13 Replies to “Cruelty and Money”
Hi Chris! I agree that the way this book was initially set up was confusing. In the first 20 pages, I began to notice a theme of water (thirst), a ship (overboard, drowning), and an ominous atmosphere (there were many mentions of death and running out of time). I was very confused about what all of this meant. However, I made a note that the poems aren’t supposed to make sense, because racism doesn’t make any sense. I think the author’s goal was to confuse and disorient the reader.
In the second part of the assigned reading, everything came together and started to make so much more sense. It was revealed that “The Zong” was a ship that carried many slaves. These slaves died of thirst, or from throwing themselves overboard and drowning. I thought that the use of this historical background combined with artistic and confusing poetry was a very interesting literary decision.
The black people on this ship were killed for financial gain. They were seen as property, not people. Philip states “…neither Captain Collingwood nor those who had helped in the massacre could be charged with murder, since what was destroyed, being property, was not capable of being murdered” (191). I literally cringed when I read this because it was so disgusting. These people were stripped of any identifying traits, and seen only as a way to make money.

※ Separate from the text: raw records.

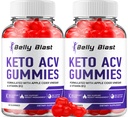 (2 Pack) Belly Blast Keto ACV Gummies - Advanced Formula Belly Blast Keto Plus ACV Gummies Apple Cider äädikas, kaalujälgimine, BellyBlast ACV toidulisand Arvustused Mehed Naised (120 Gummies)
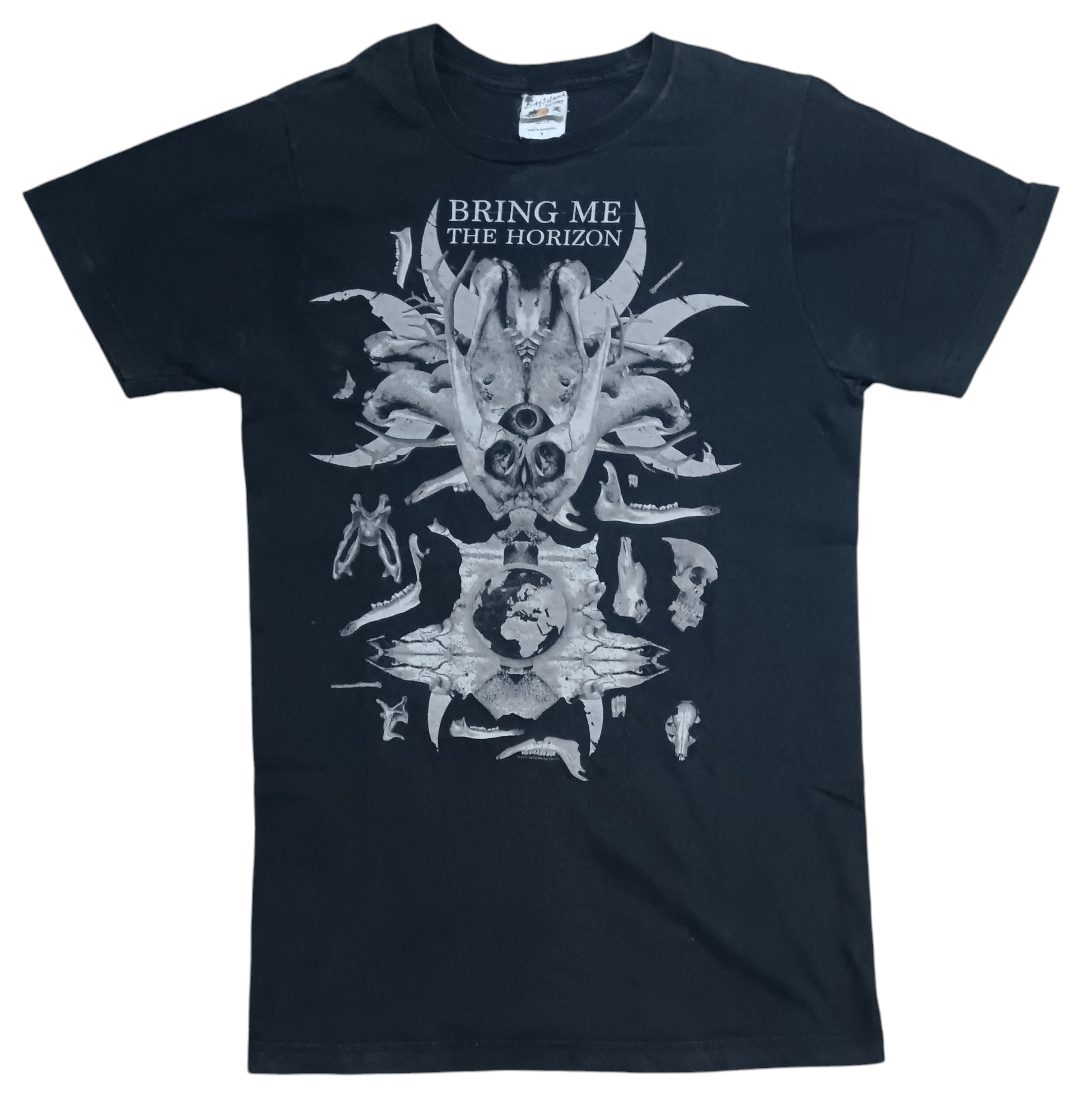Band Tees × Vintage VINTAGE BRING ME THE HORIZON SKELETON SHIRT Size US S / EU 44-46 / 1 - 1 Thumbnail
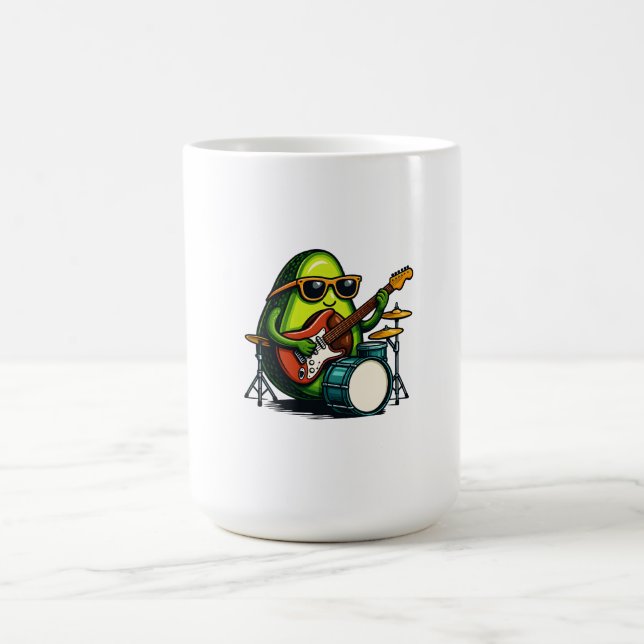 Mug Magic Avocado Guitariste Cool Fruit Band (Centre)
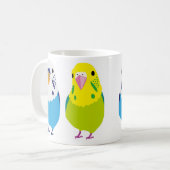 Budgerigar Kaffeetasse (Vorderseite Links)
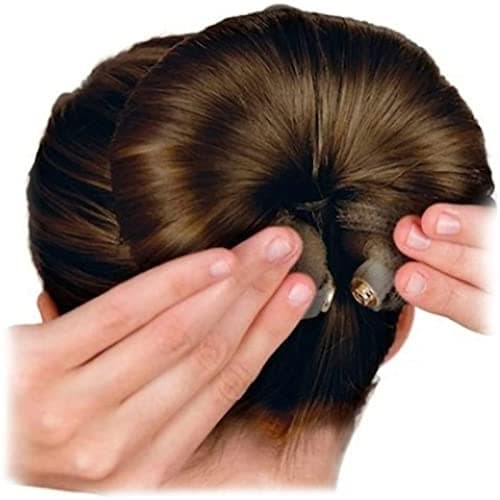 3 Pcs Hair Styling Tools: Foam Ring Shaper, Donut Bun, Long Nylon Holder (3 Multicolor)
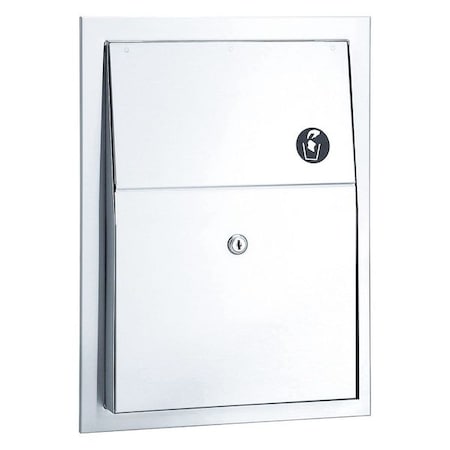 Sanitry Napkin Recptcle, 17In.x12-3/4In. MPN:4722-101500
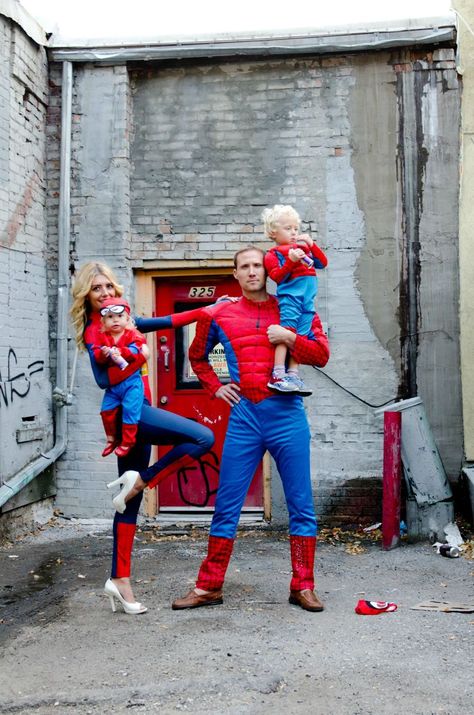 Return of the Spidey Family Family Spiderman Costumes, Spiderman Family, Spiderman Costumes, Spider Man Costume, Costume Family, Spiderman Costume, Family Of 3, Family Costumes, Mens Costumes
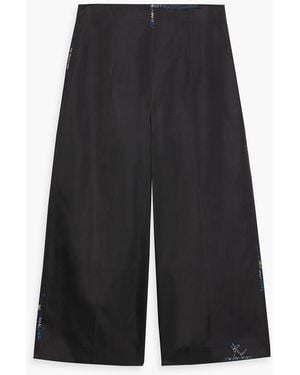 Marni Cotton Culottes - Black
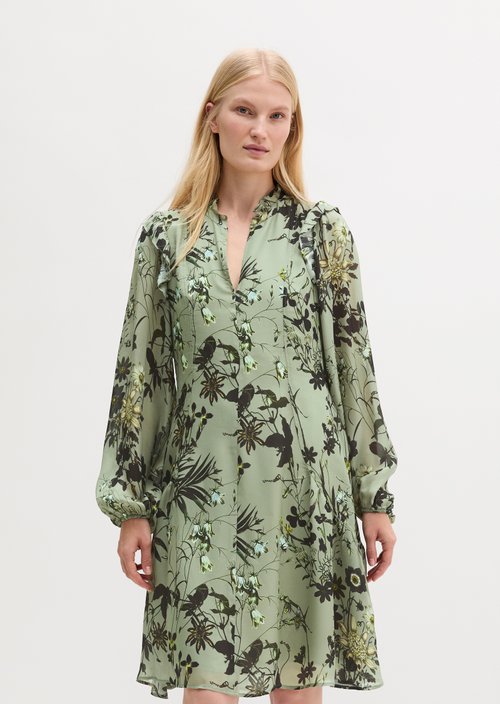 Short A-Line Dress — Light Green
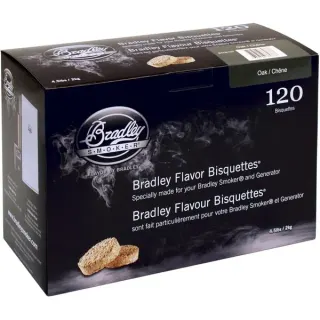 Bradley Eiche Bisquetten, 120 Stück, Räucherholz (für Bradley Smoker)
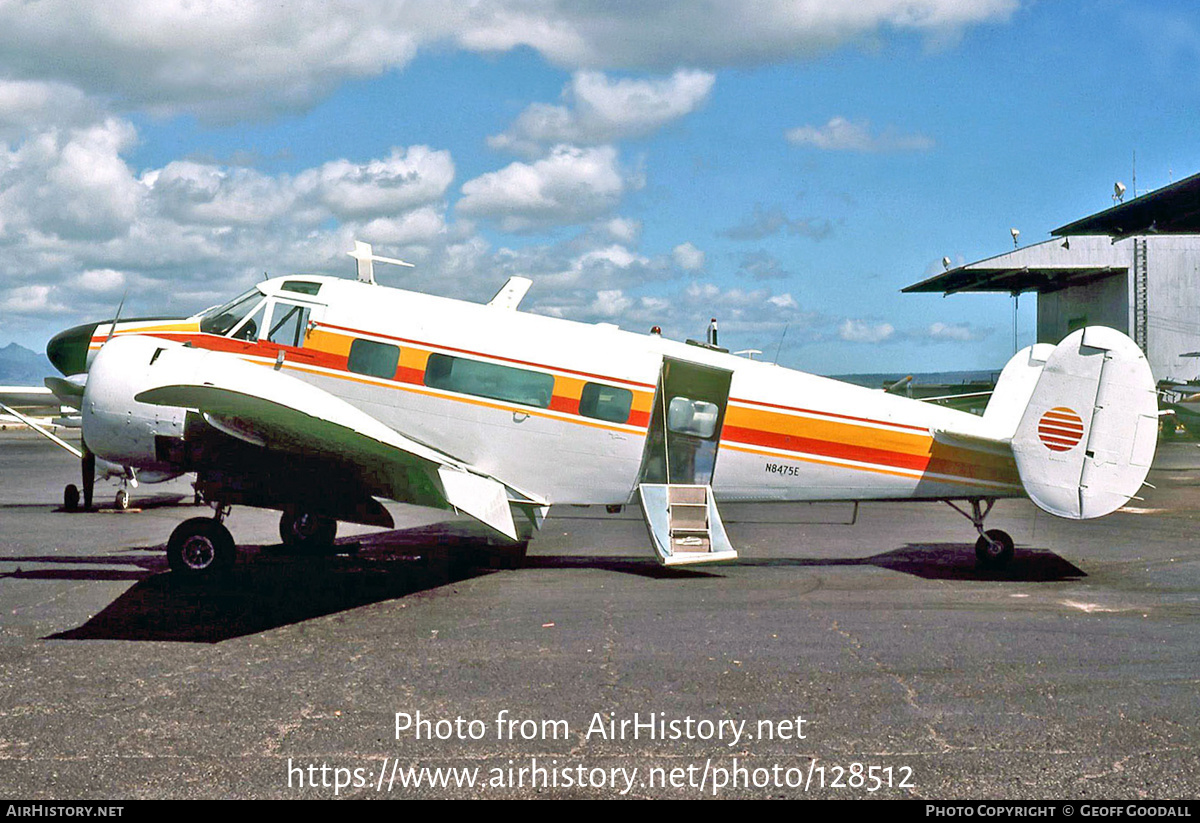 Aircraft Photo of N8475E | Beech H18 | DHL Island Airways | AirHistory.net #128512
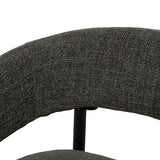 Set of 2 - Calyxo Black Dining Chair - Kaitoke Green Dining Chair Cino-Core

Lastly, the thing I found most interesting about the reading was when Philip was discussing how she was going to go about writing the very book we are reading. On the bottom of page 193, she lists multiple options: whiting/blacking out words, mutilating the text just like the lives of the black people were mutilated, or murdering the text, which she describes in great, gory detail. I really appreciated the use of these metaphors in comparison to the many people who died.
I definitely started off disinterested and confused with the writing, but by the end, I was angry and passionate and upset. I truly think that Philip has created a work of art with this book and her collection of poetry, coupled with devastating historical background.
Hey Chris I really enjoyed your blog post!! I agree with you about them being seen as cargo and I am shocked that these people were treated as if they were nameless and even in a way faceless. They were seen as complete objects that were never respected as anything else. I had no idea there were names at the bottoms of the pages and I find that to be powerful, perhaps it is to show how little these people felt and to represent their unimportance. I think a valid quote that supports this claim as well is when the author states, “There was the this, the that, the frenzy, leaky seas, and casks negroes of no belonging on board”(29) These people belonged to nothing and truly felt like nothing it’s just so sad to even think about. This book is definitely different and difficult to read since the words are pretty scattered but I do like how unique it is and I can’t wait to read more!
Hey Chris, I like how your blog focused on what ways Philips is connecting us and disconnecting us from the texts. I think from the very first page it seems confusing and as if we the reader are, “working to pull the page and larger ‘meaning’ together” (192). It is difficult to imagine long pages going on about a disgusting act of violence like this so for Philips to turn it art is really a brave move. By blocking out the text and only giving us these key words to follow page after page, we are forced to slow down and think about what is really going on here. The spaces on the page, “within the boundaries established by words and their meanings there are silences” (195). These silences are so important and it is forcing us to reflect on and respect the work being done on the pages with only just a few words and a lot of room for thought.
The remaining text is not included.